In 2012, then-immigration minister Jason Kenney announced Canada would resume the management of federally funded settlement programs in British Columbia.
The change forced the organizations to apply to Citizenship and Immigration Canada for their portion of federal funding.
The applications for this year's funding were denied.
Instead the federal gave the groups $80,000, to continue its commitment to help government-sponsored refugees who came to Canada from refugee camps overseas. That money combined with the B.C. government's funding gives the groups $260,000 for refugee mental health services this year.
Remi Lariviere, a spokesman for Citizenship and Immigration Canada, said in an email response that the government of Canada remains committed to helping new Canadians integrate into communities and the country's economy.
"Mental health services, such as in-depth social or psychological counselling, are part of provincial health care and social service programs, and are not eligible under settlement services," Lariviere said in the email to The Canadian Press.
There is no appeal process.
The province says it already gives these groups $400,000, but ISS said just $180,000 of that can be allotted to mental health services.
Mazur, who's the executive director of VAST, said the cuts will make it even harder for a vulnerable group of people to integrate into Canadian life.
Chris Friesen, the settlement services director of ISS, said he believes Canadians have a duty to assist refugees.
Many refugees are invited to come to Canada by the government as part of a humanitarian agreement with the United Nations, he said.
As a result, Canadians have a responsibility to make sure they can become productive members of society, Friesen said.
"It's a strategic and critically important investment in the future of future Canadians," he said.

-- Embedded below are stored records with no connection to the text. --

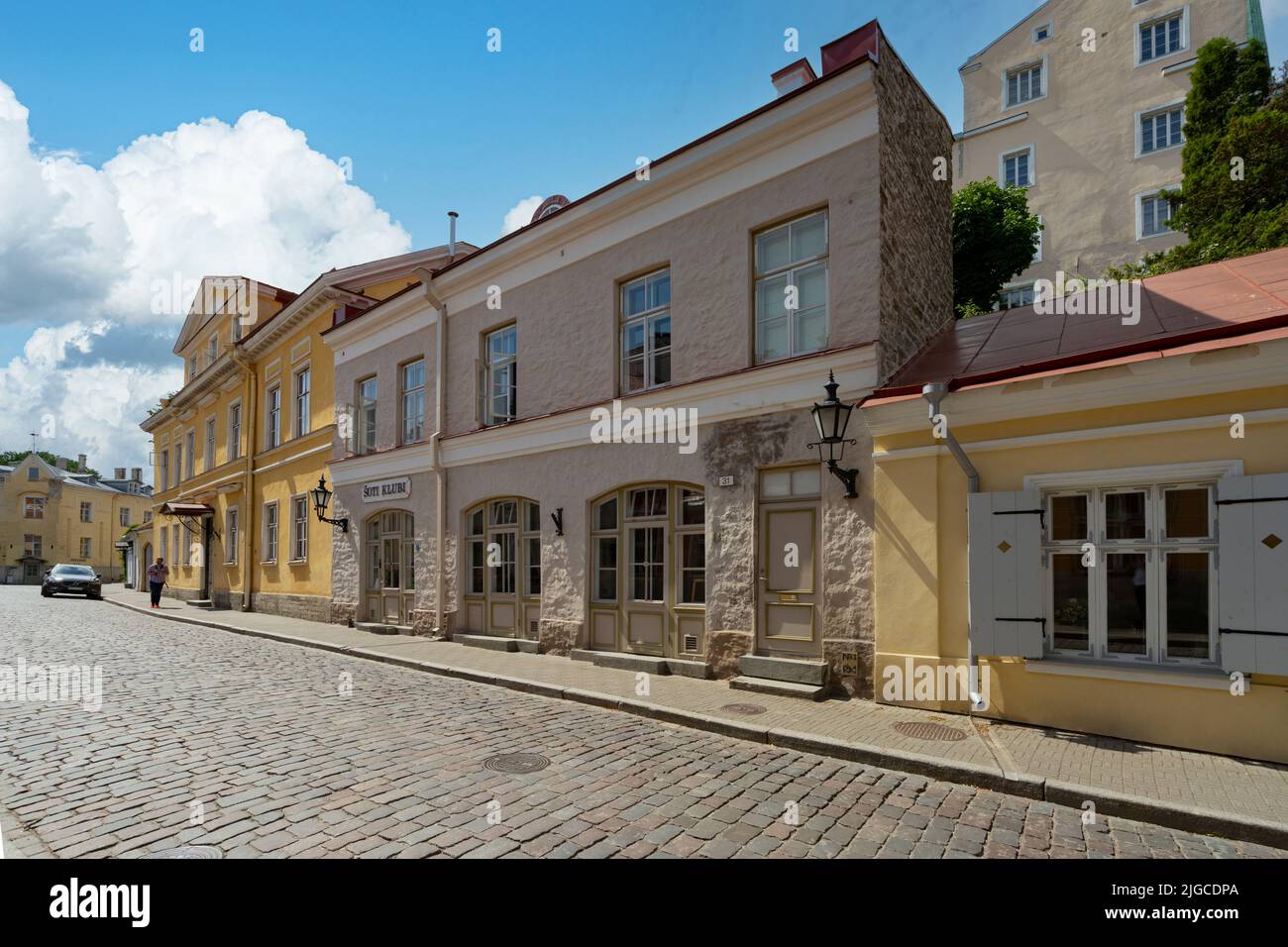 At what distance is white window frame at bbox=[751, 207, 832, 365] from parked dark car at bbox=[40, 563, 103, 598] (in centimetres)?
3305

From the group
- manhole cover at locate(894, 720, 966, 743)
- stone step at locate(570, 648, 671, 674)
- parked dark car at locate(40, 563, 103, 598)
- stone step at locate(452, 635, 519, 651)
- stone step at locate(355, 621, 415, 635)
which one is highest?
manhole cover at locate(894, 720, 966, 743)

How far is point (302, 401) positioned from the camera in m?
19.8

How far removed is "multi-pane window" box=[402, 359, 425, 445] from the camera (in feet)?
50.8

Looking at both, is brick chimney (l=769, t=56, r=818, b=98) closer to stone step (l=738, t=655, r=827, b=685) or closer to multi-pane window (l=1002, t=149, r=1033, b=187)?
stone step (l=738, t=655, r=827, b=685)

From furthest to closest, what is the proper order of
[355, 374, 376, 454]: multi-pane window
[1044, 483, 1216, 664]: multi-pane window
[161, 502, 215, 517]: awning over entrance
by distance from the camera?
1. [161, 502, 215, 517]: awning over entrance
2. [355, 374, 376, 454]: multi-pane window
3. [1044, 483, 1216, 664]: multi-pane window

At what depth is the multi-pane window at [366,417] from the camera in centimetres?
1697

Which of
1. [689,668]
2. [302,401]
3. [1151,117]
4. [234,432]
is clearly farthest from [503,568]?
[1151,117]

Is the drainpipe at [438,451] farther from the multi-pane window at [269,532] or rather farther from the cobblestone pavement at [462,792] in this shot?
the multi-pane window at [269,532]

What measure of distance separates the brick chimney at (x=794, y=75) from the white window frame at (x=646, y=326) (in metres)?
3.26

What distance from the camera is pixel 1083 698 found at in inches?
267

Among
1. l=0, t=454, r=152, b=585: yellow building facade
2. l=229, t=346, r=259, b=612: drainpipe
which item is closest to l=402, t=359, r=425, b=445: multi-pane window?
l=229, t=346, r=259, b=612: drainpipe

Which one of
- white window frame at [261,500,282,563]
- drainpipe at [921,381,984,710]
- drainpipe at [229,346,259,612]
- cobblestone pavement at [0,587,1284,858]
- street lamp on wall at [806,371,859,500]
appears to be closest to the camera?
cobblestone pavement at [0,587,1284,858]

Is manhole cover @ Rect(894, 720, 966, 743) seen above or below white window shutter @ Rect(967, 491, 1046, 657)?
below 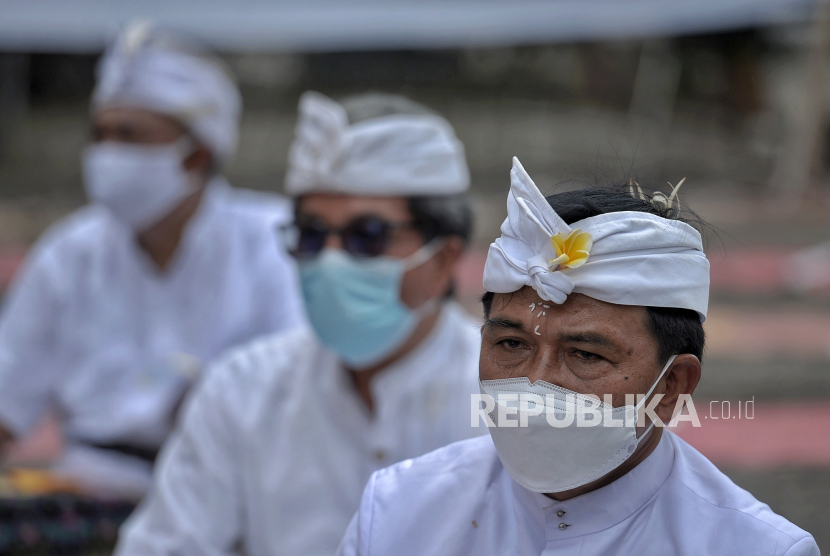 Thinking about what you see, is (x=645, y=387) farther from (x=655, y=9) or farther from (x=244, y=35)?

In the case of refugee claimants -- the term used to describe refugees who aren't invited and come to the country seeking assistance, Friesen said they are just as deserving of the government's assistance because most of them are granted refugee status anyway.
The funding cuts to B.C. organizations could affect that as well.
Friesen is concerned many of those claimants will not get a fair hearing when seeking refugee status, because organizations such as VAST were partly responsible for ensuring claimants would get a fair shot at the application process.
Now that they have limited resources, it's unclear if those associations will be able to play an active role in helping claimants get a fair hearing, he said.